More random Deathbat musings. So one thing I have come to accept is what I have really known for years now: I am burned out on GMing games 1-3 times a week. I am also burned out on Roll20, but it does make life easier so I'll give it a pass.
One friend of mine has stepped up to start running a game in my place on Saturday night, which is great. I was running a 5E/Spelljammer sort of deal and it hammered home my issue: I was enjoying it in the moment, but dreading the time between games, having to find the time to prep and get motivated. When I am not motivated, excited for the game at hand, that to me is a clear sign of burnout.
Locally, only a few people in my gaming circle ever GM or try their hand at it. For the vast majority of it, I end up as GM. This is at least partially my own fault, because for most of my decades of gaming I have generally preferred to be the GM as much as possible....I liked the job a great deal for so many years, and as a result I had a lot of players who also liked being players. Gamers who maybe liked to GM a lot? They found other game groups. So my selection over time leaned heavily toward 1 GM and lots of players who like being players.
Over the years, on occasion I'd feel the burnout but some player could step in and guest GM for a while, but it wasn't too often....just enough for me to get the break I needed and rekindle my enthusiasm for the process.
But in the last few years, for various obvious reasons, I am hitting a hard wall.
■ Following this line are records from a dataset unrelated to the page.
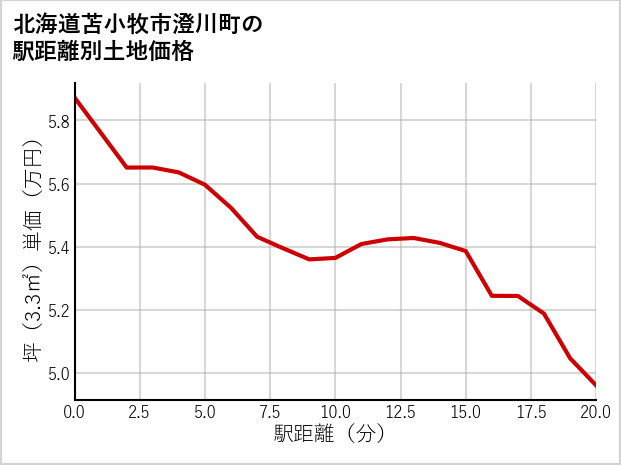 北海道苫小牧市澄川町の徒歩距離別の土地坪単価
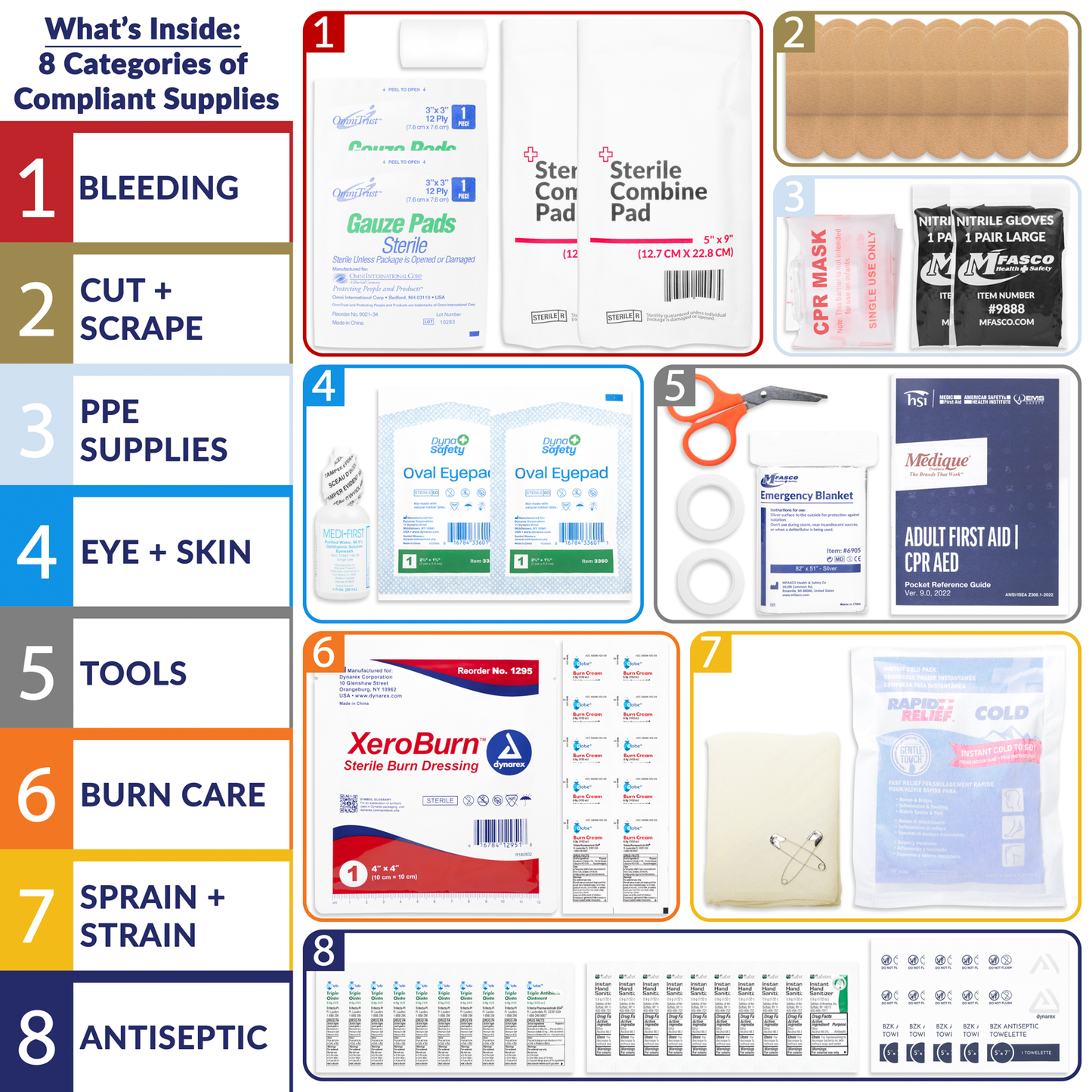 OSHA Class A Basics Aid Kit Refill Only 74 Piece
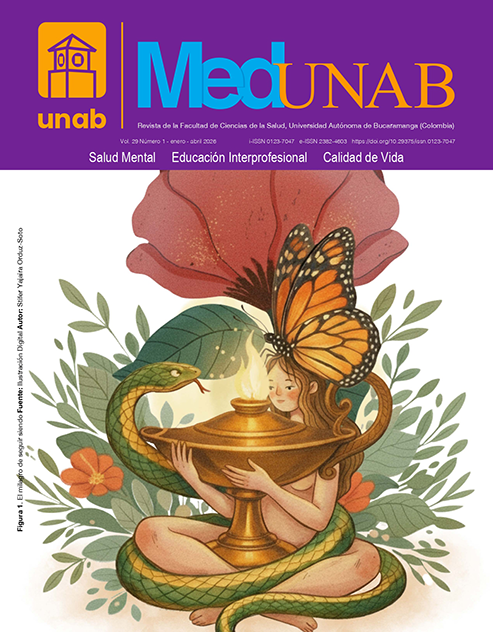 Salud Mental; Educación Interprofesional; Calidad de Vida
I want to enjoy the game as I have, but there has been fewer opportunities for guest GMing (especially in the VTT era where that requires more than the usual planning) and so I haven't gotten a break, at all. Thankfully that is changing a bit. It is also a bit harder, because I think two other things are happening that I need to consider carefully.
The first item is that I may have run so much D&D over so long a period that it's just not as engaging for me, anymore. In fact, its been easy to just show up and run a game on what borders on auto-pilot, a part of me so conditioned to run it that it is why I feel like I can have fun "in the moment" while otherwise utterly dreading the task in the time between sessions. In the old days I varied gaming a lot more than I do today. Indeed, GURPS used to be my main system, and as both GM and player I had a small but very dedicated group that was up for whatever; and that system let us do the Whatever part quite well. But in recent years....outside of Cthulhu and Cypher, its not very different, and there are a dearth of the old style of more subtle, investigative and historical/SF games I used to run going on. Some of this, admittedly, is that I have different players with different styles and expectations....and I also feel there is some merit to the suggestion that how players engage with a scenario has changed over time (possibly due to the influence of video games), but that is another blog post in its own right
The other part is best summarized, I feel, as old age. I am 51 now, and there's still years to go with every bit getting worse, but I can feel it in my bones: I am just not as energetic as I used to be. Maybe 3+ nights of gaming a week with me as GM is just no longer a thing I can do, or necessarily want to do! Maybe one night a week might be better....and maybe I need to make that a live night, just to force myself to get out of the house and not sit, for yet more hours, in front of a computer screen. So yeah, I think age has a lot to do with it. Unfortunately age gets us all, and I know some players and ex-GMs who stopped running games for much the same reason.
So for now, solutions I have include:
1. Game fewer nights as GM, get others to take up role more often. Try being a player more, its a welcome relief to be worrying about just one character for once.
2. Look at my games, and put more time (quality) over quantity into what I really want to do; find players who are also in to it. Finish that GURPS Egypt campaign and run it. Start that Cypher Godforsaken campaign when I am good and ready. Prepare the next Cthulhu or Delta Green story arc. Do the stuff that I feel personally more invested in these days.
3. Give D&D a long, hard break. Also, its cousins and heartbreaker buddies, whatever they may be (PF2E, OSE, etc.).
Things to ponder!
EDIT: This post feels awfully doom and gloom at the moment, but I admit I am riding a fun high from running tonight's game. Still, we have a plan of sorts, and it involves Pathfinder for Savage Worlds soon.